I recently purchased a 2006 Sierra 1500 SLE2. On the original sales sticker it shows an H.D. rear locking Differential. Today was the first day I have driven it on the ice and I noticed when taking off it started to spin and made a couple of clunking noises from the rear diff. Once I am driving it sounds fine and I understand that it may just be the locking differential, but was hoping that someone that has the same differential could clear it up for me.
Also if you know anything else about the diff that would help as well.
Tim
Its normal, the axles are locking together to get more traction and unlocking to go around corners or on slippery conditions. I think this is one of the really cool things about
chevy trucks. You won't get a limited slip axle on a lot of F or D trucks. This is the reason your truck moves and while driving in rain or ice and the guy next to you is setting still. I think your owners manual tells you all about this. Trust me on this, Sierra's, Suburban (limited slip), SWB V8 5 SPD (limited slip), SWB V6 5SPD (open Diff). Both limited slip trucks made the clunk sound your talking about. The open diff truck does not.
Other drive-line noise causes.
Anytime you have a gears or a slip yoke you have to have a small amount of clearance. This includes: axle splines, spider gears, ring and pinion gears U joints (2 or 3 in your truck) a slip yoke, all of the gears in the transmission, the torque converter or clutch. This clearence adds up. The more gears or yokes in the drive line the more lash. On excelleration you should not be able to feel this lash unless you have a manual trans and don't shift smoothly. The only way to totally remove this lash would be to bolt the wheel directly to the crankshaft, impossible. I my self add some Marine Grease to the slip yoke spline to get ride of the clunk noise when i put it in to gear. (Don't share, my secret

)
The longer the driveshaft and more torque the more "driveline wind-up". The drive shaft stores energy like a spring. All drive shafts do this.
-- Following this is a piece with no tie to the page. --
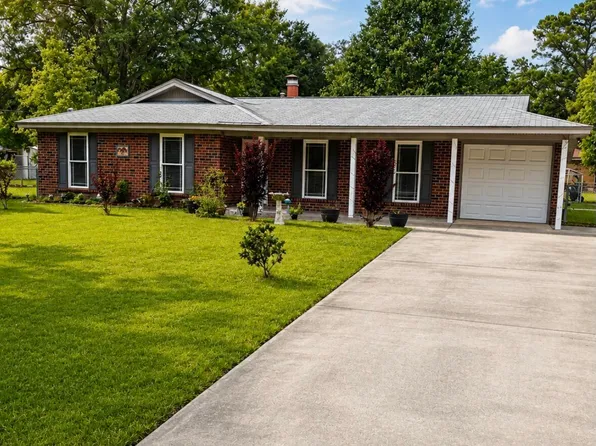 717 Bradwell St, Hinesville, GA 31313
You can feel the effects of both of these by holding transmission in a low gear, lightly excellerating and quickly taking your foot off of the gas pedal. The springy forward and backwards jerking motion is driveline wind up. The clanking sound is lash. People Have been complaining about this since somebody in the late 80's decided that a unloaded pick-up ,somehow, should ride like a
Caddy.
Note also: the yoke on the driveshaft. 2004/2005 models, seem to have a problem with the splines being dry and the load causes the splines to lock and then suddenly release, creating a thump noise. you can solved the problem by putting high temperature never seize on the splines, or Marine Grease. Other recommend putting tranny oil on the splines regularily or a replacement yoke to replace the stock yoke. Good luck and hope this helps you and others with similar issues.